• **PROMPT**: Return the full listing unchanged, apart from leaving out its images.
Start of DATA
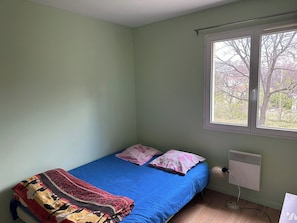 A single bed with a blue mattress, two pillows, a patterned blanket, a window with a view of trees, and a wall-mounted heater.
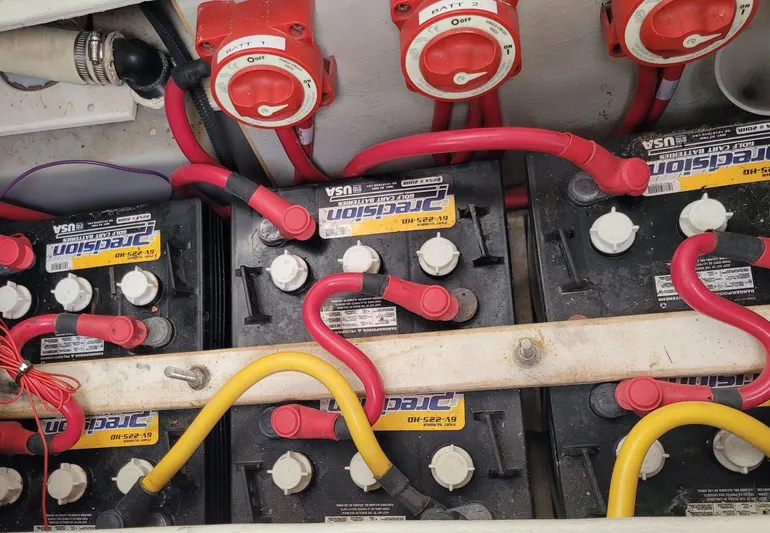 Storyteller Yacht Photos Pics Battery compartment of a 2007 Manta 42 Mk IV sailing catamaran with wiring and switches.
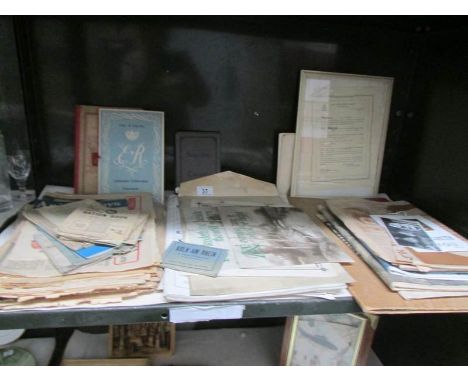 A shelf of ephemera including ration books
End of DATA
• **EXERCISE RESULT**:
 A single bed with a blue mattress, two pillows, a patterned blanket, a window with a view of trees, and a wall-mounted heater.
 Storyteller Yacht Photos Pics Battery compartment of a 2007 Manta 42 Mk IV sailing catamaran with wiring and switches.
 A shelf of ephemera including ration books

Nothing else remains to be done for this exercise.